Records provided —
★ ★ ★

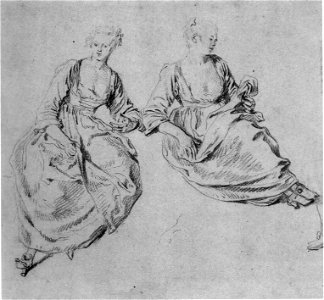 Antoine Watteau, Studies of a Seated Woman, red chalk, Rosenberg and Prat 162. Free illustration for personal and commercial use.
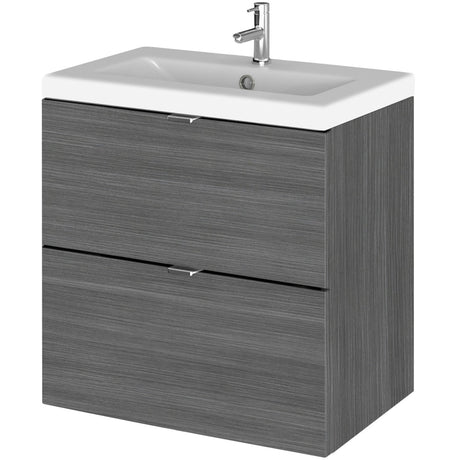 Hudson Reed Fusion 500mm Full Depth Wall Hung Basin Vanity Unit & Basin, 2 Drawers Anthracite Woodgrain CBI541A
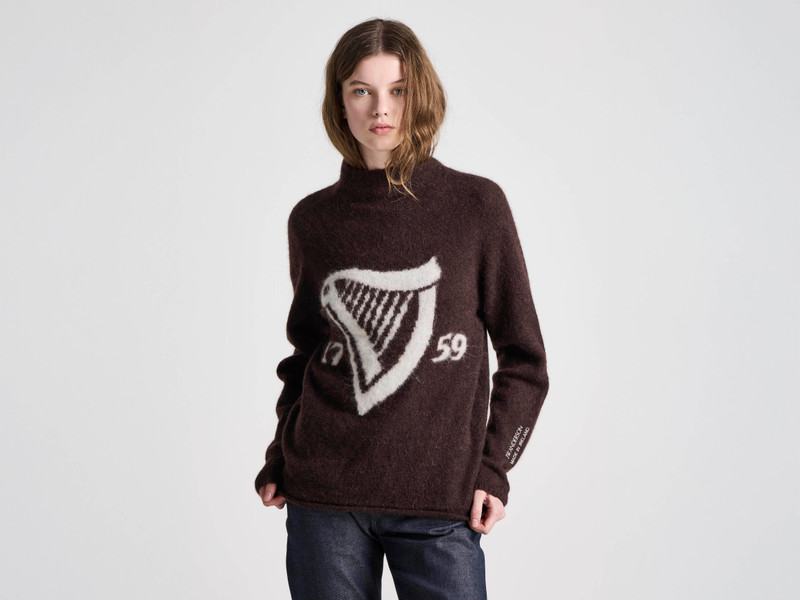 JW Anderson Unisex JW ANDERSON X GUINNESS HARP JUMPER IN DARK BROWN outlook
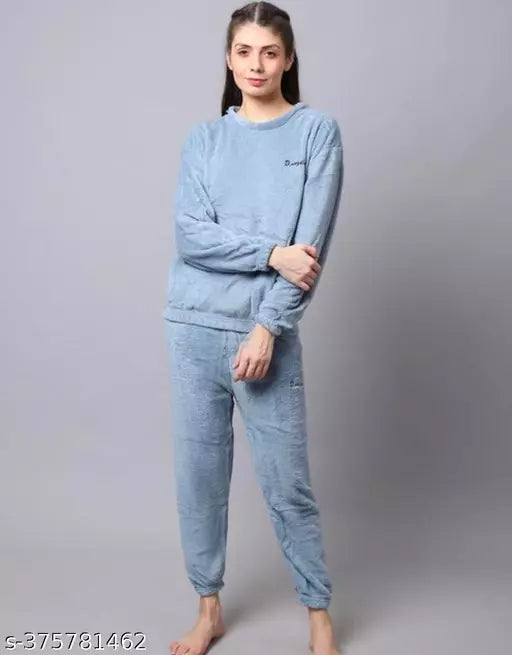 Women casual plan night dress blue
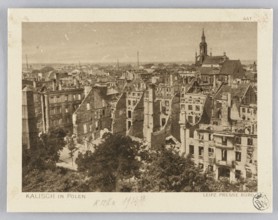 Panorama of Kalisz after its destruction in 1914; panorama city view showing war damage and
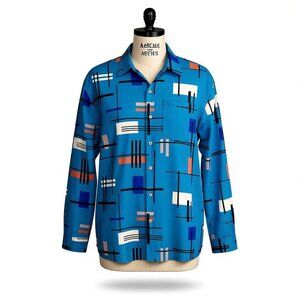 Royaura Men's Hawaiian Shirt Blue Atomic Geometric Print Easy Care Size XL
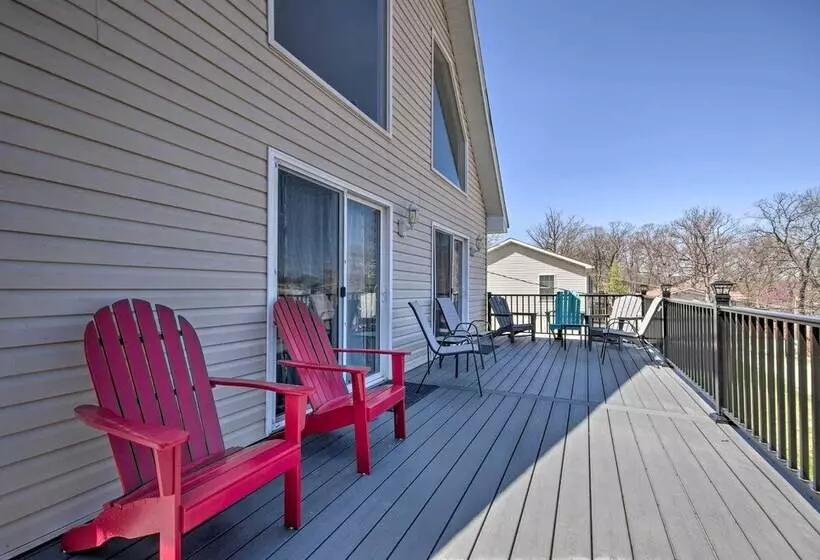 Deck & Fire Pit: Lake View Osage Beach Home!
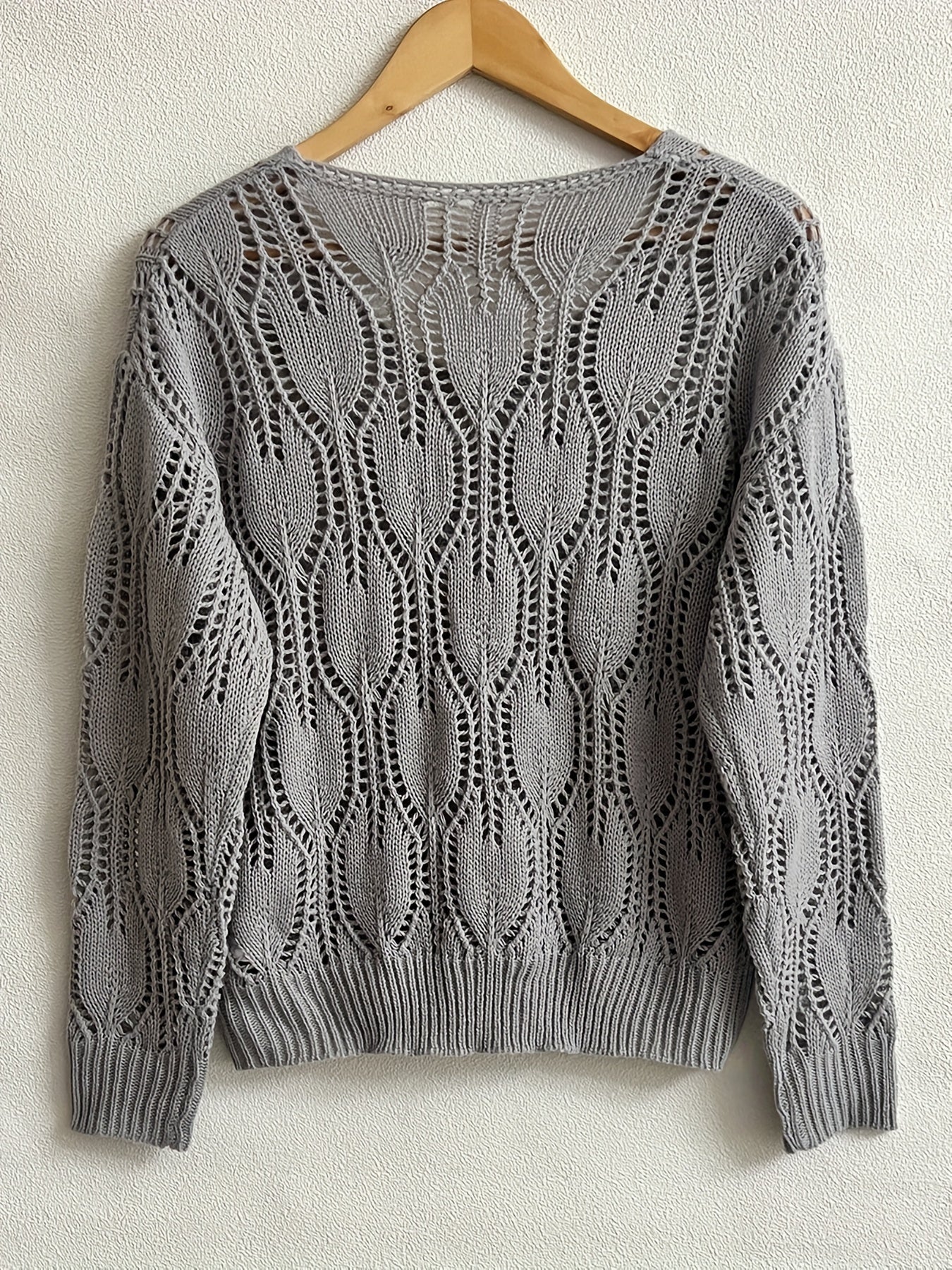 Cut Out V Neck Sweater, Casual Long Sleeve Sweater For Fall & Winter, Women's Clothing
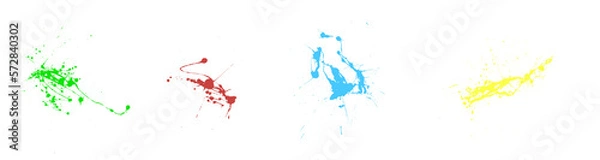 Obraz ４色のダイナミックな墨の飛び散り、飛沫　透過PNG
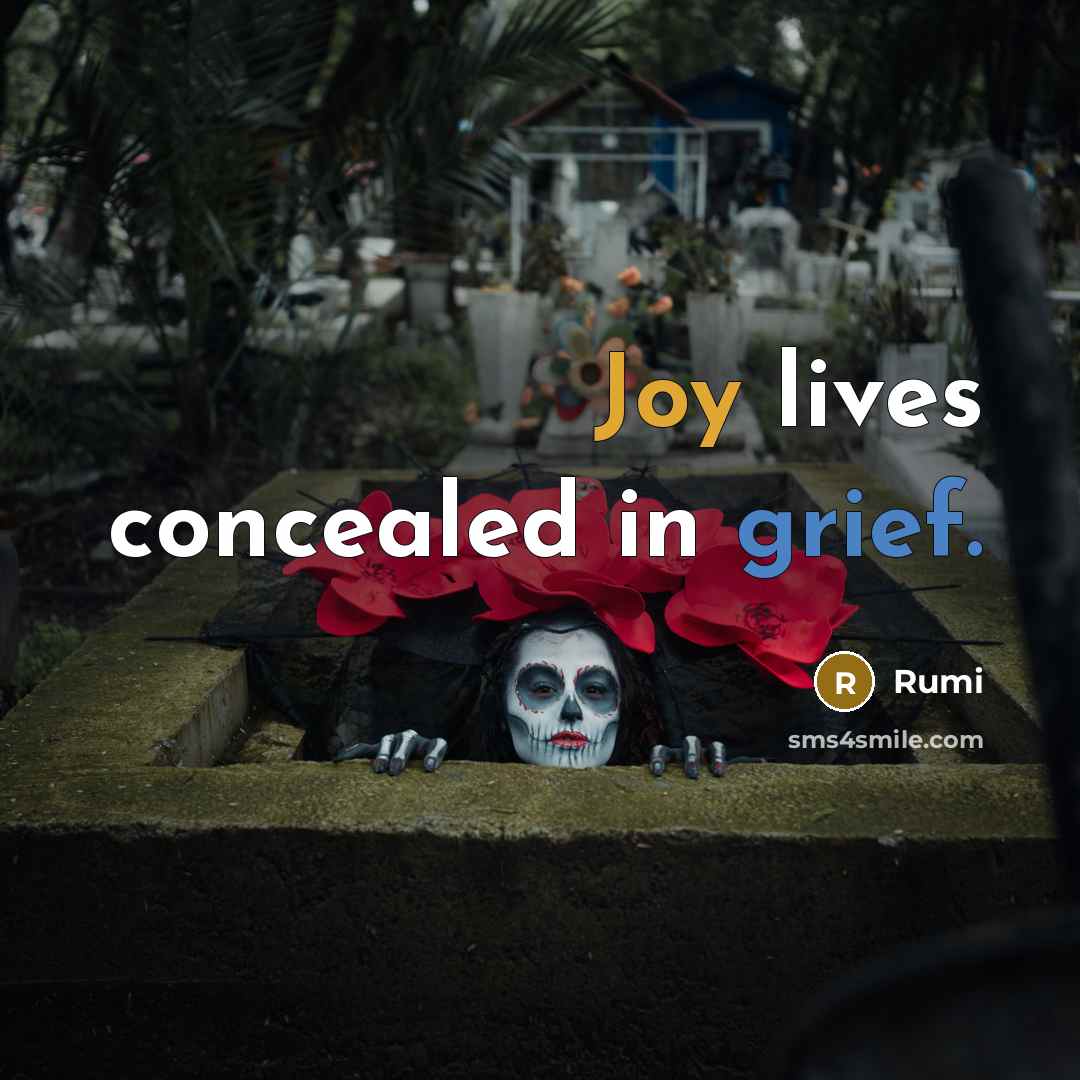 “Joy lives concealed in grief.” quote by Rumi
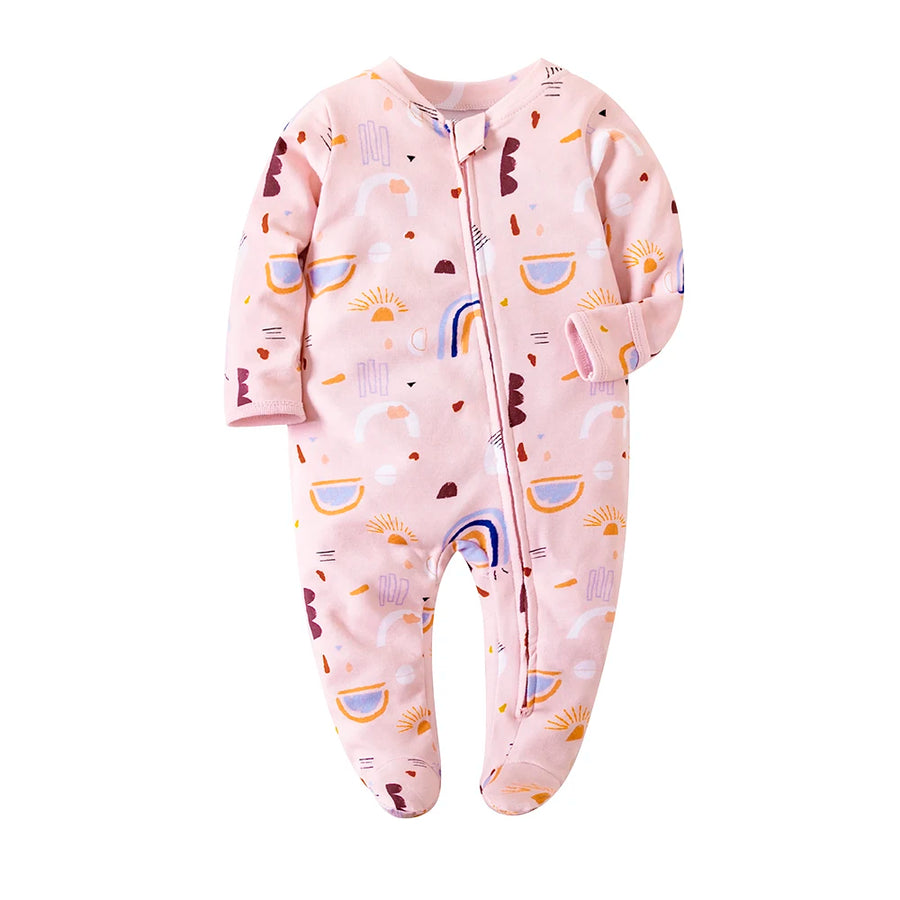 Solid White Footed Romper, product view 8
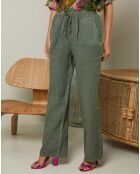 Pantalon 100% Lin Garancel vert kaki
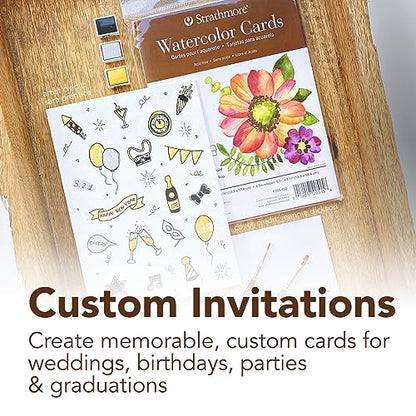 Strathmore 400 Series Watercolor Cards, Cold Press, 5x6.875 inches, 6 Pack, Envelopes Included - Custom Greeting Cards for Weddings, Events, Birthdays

★ ★ ★

Requirement —
Give back only the lines from the one that carries "Pantalon 100% Lin Garancel vert kaki" through the final line above, both included. Drop all pictures.

Expected output —
 Pantalon 100% Lin Garancel vert kaki
 Strathmore 400 Series Watercolor Cards, Cold Press, 5x6.875 inches, 6 Pack, Envelopes Included - Custom Greeting Cards for Weddings, Events, Birthdays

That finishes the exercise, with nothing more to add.